Quel conseil donnez-vous au chef de l’armée Philippe Rebord, lorsqu’il désigne l’éventualité d’un référendum sur le durcissement du service civil de « votation de merde » ?
Passons par-dessus le choix rhétorique de bas étage dont témoigne le langage fécal d’un chef de l’armée comme Rebord, disposant pourtant d’un bon bagage intellectuel. Une votation populaire est un outil de démocratie directe qui exige tout notre respect, et qui est à l’origine du succès de la Suisse comme nation fondée sur la volonté politique et dotée de structures fédérales. Si le durcissement prévu du service civil se réalise, le référendum est garanti. Les politiciens du réduit et les combattants de la guerre froide, qui indirectement auront causé la votation, en seront aussi les perdants, car cette votation, qui véhicule beaucoup plus d’éléments importants de politique nationale et de politique sociale que tant d’autres questions d’achat d’armement et votations sur l’armée, va être remportée bien au-delà de 60% par les initiateurs du référendum. En même temps, le débat public provoqué à cette occasion omettra d’importants thèmes de politique de sécurité et de politique de l’armée.

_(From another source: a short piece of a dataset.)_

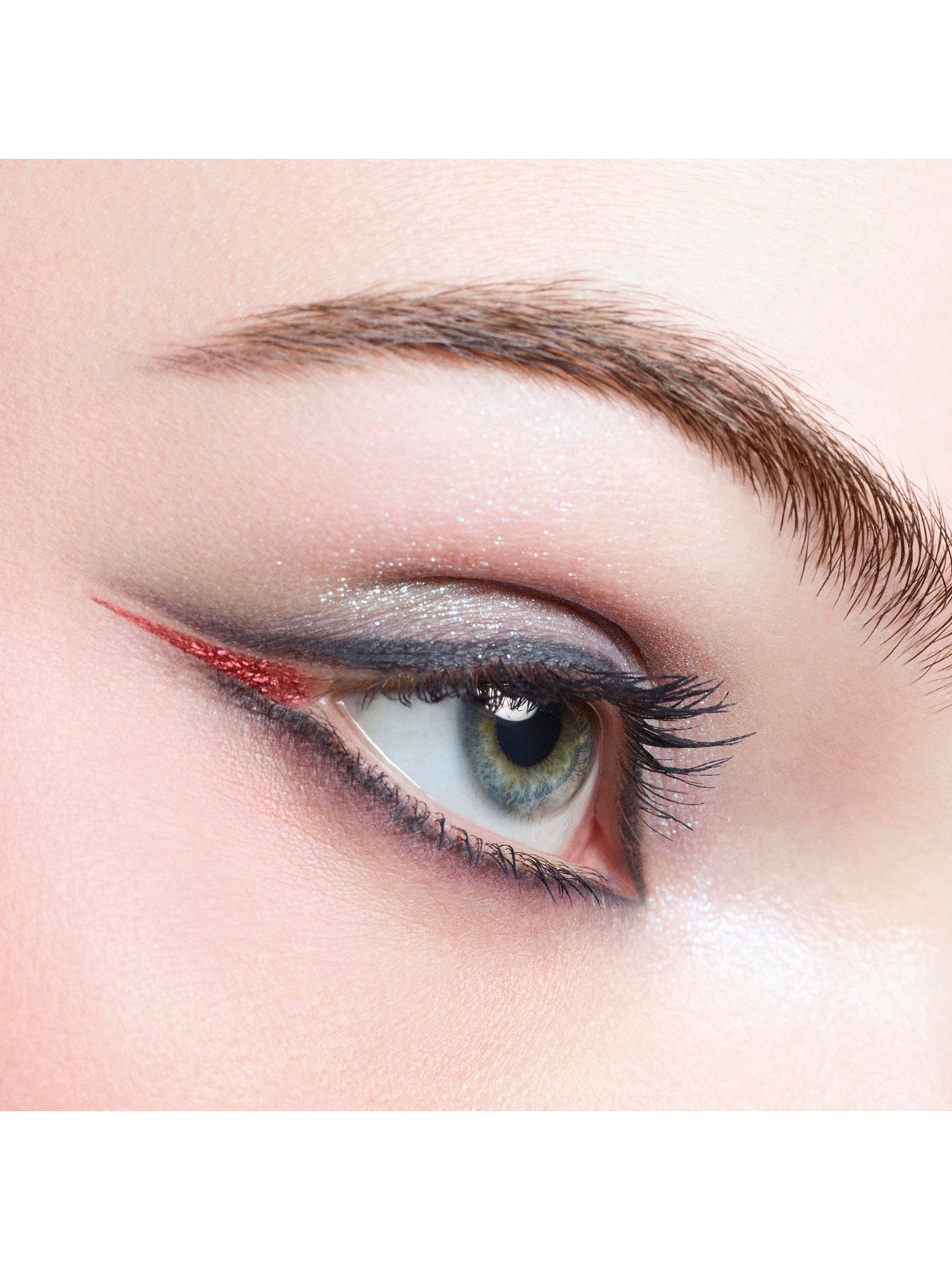 Chanel Luxe Liner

Que répondez-vous à un aspirant officier qui décide de quitter l’armée pour passer au service civil ?
Cet aspirant officier écoute ses convictions, procède à une évaluation personnelle et prend une décision. Naguère, un officier qui était mis en prison pour ses convictions et son choix de faire objection au service était encore plus courageux.

Le système suisse de milice vous est cher. Où voyez-vous des dangers?
Le système de milice est en danger. Une pression professionnelle et des exigences privées en augmentation permanente rendent de plus en plus difficile de s’engager pour la « Res publica » au niveau politique et dans l’armée. Les communes peinent à trouver des conseillers communaux. L’armée a elle aussi de la difficulté à trouver des cadres professionnellement performants. La même chose se produit au niveau fédéral au sein du Parlement : l’augmentation du nombre de politiciens professionnels est une évolution dangereuse. L’apport, par des personnalités dirigeantes chevronnées, d’expériences professionnelles et humaines dans la politique et dans l’armée, est décisif pour notre système de milice.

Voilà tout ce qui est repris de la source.